Segment Start: Records for this exercise
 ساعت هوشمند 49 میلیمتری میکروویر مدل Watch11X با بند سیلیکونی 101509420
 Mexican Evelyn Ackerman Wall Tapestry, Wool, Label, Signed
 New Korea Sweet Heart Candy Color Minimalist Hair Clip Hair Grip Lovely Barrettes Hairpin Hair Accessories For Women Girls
Segment End: Records for this exercise
Segment Start: Records for this exercise
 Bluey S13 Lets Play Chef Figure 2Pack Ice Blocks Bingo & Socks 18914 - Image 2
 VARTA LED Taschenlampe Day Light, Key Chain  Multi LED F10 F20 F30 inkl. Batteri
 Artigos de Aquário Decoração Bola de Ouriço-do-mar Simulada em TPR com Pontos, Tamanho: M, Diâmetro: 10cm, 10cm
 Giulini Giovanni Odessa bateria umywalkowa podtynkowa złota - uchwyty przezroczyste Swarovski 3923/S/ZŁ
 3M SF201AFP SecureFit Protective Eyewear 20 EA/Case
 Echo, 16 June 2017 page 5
Segment End: Records for this exercise
* **Problem requirements**
Transcribe each line of the data above, unaltered, from the one where "ساعت هوشمند 49" appears to the one where "New Korea Sweet" appears, inclusive of both.

* **Task solution**
 ساعت هوشمند 49 میلیمتری میکروویر مدل Watch11X با بند سیلیکونی 101509420
 Mexican Evelyn Ackerman Wall Tapestry, Wool, Label, Signed
 New Korea Sweet Heart Candy Color Minimalist Hair Clip Hair Grip Lovely Barrettes Hairpin Hair Accessories For Women Girls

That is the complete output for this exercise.